Volume 3, #12 November 25, 1998 POLITICS WITH BITE! CONTACT HELP previous BACK ISSUES next
A FORUM FOR ANTI-AUTHORITARIAN POLITICAL OPINION, RESEARCH AND HUMOR

Buylines

by Charles Redell

Life Lies

What is the main problem when it comes to dealing with marketing? Is it the blatant stupidity inherent in each ad we are exposed to? Is it the idea that we are being sold a lot of crap we don't need, but are made to want? Not quite. The main problem with marketing, with media in general, is the lifestyle they need us to believe others lead.

We have always been sold the image of a perfect life by theentertainment industry. Entertainment is where we all go to escape from the trials of everyday life. Who wants to go and see the same shit that they live with everyday? No one. So what they show has to be an image of a perfect life. We look to our entertainment (television specifically) to give us a picture of something better, to play out our dreams in living color right in front of our conscious minds. And they are more than happy to do that for us. They want to show us the happy families, the beautiful girlfriends, and the sarcastic (but ever so loyal) drunk on a barstool that could inhabit our lives. They need these images to turn from our entertainment into our goals. "If only my life was like everyone else's, like on TV."
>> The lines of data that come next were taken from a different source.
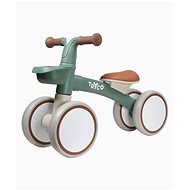Tryco Luna Stonegreen - Balance Bike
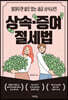 상속·증여 절세법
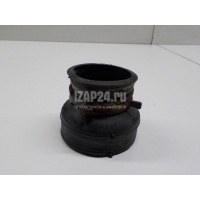 Патрубок воздушного фильтра VAG Transporter T5 (2003 - 2015) 7H0129656C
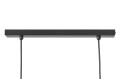 Lampa wisząca K-5251 z serii BRUS Kaja Lighting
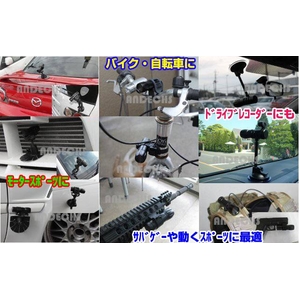 �y�����C�g�^�f�W�^���r�f�I�J�����@�X�|�[�c�L�b�g�t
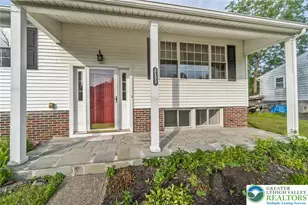 2132 Clearview Ave, Stroud Twp, PA 18360 - Photo 6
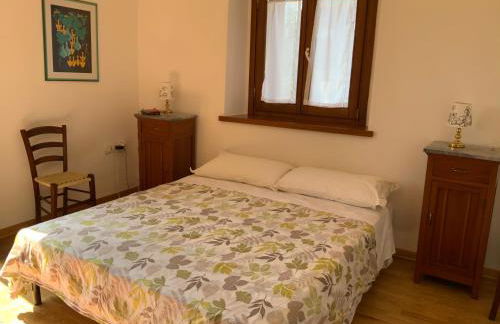 LA DOLCE VITA - Photo 10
They need us to believe in that much more than they need us to believe in the product they're selling (In fact, these types of images are found most often in TV shows and movies. The commercials are perceived as too obviously selling to have us believe the life in them). If you do believe, it's only half a step to thinking that you need to have those products to live that life.

The first lesson we all need to learn if we are to live free from the marketers tendrils is that that lifestyle does not exist. It's a fairy tale. This is a cold, hard, irrefutable truth. Admittedly, it's pretty self-evident, on the surface anyway. But look underneath the surface and examine all of those images in your head that you dream of attaining one day. All those perfect Sunday afternoons with your loved ones, or those exciting excursions to some isolated peak come from somewhere. They have been showing us this perfect life forever. It is there in television shows, in commercials, in the movies. We've all seen it. Whatever your perfect life may be, they've found it and put it up there so you can dream of it.

And plenty of us do believe in it. According to research reported in Utne Reader (Nov.-Dec. #98) people who watch more TV routinely overestimate other's standards of living. Those who are "heavy watchers" of television also overestimate the percentage of the population who are millionaires.

I'm ready to bet each and every one of you that you're not so willing to give up those dreams that have been beamed at you over the airwaves either. But you have to do it. The idyllic families, the perfect job, the weekend getaways on a regular basis, are all pretty things to think of and dream about. But they're not a part of everyone else's lives. You're not missing out on something because you don't use Tide. It has nothing to do with having a Coke and a smile. If you eat beef, all you get is a stomachache, not a smiling, happy family around the dinner table. Everyone else's life is just as fucked up and as strange as yours.

It isn't hard to fall prey to this image. From the first stories we are told as children, through the enterainments that we were spoon fed as we grew up, right into the print ads in the highbrow, liberal magazines and weeklies we read today, images of an idyllic life are thrown in our faces. Images that only a fool would not want to be possible. We've been shown the dream of a marriage and family based on love and trust and working just because of that. We've been told that there really is a place where everyone always knows your name, and that they are always there, unchanging, safe.

Television shows parents who don't yell at their kid to leave me the hell alone, I have a headache! No, these parents actually let the kid sit quietly on their lap while the drugs work their miracles. These images create the idea of how these people lead their lives. The things that they use and the things that they have are all a part of it. Eventually, we are expected to put two and two together, and buy whatever it is dad is using to make his headache go away or whatever pretty chair mom bought to spruce up the Living Room.

Life, in the land of entertainment, is easy, and this is the life we hear about the most. It is what we believe the rest of the world has, but it's because no one leads this lifestyle that they can make us believe it exists. We try not to bring family problems to work. We're supposed to leave relationship issues in the bedroom. Television is what we watch to escape and has become what we know about other's (fictitious) lives. As a result, it is what we want, too. It's a basic rule of all advertising.

Repeat it often enough, and the idea will stick. It has.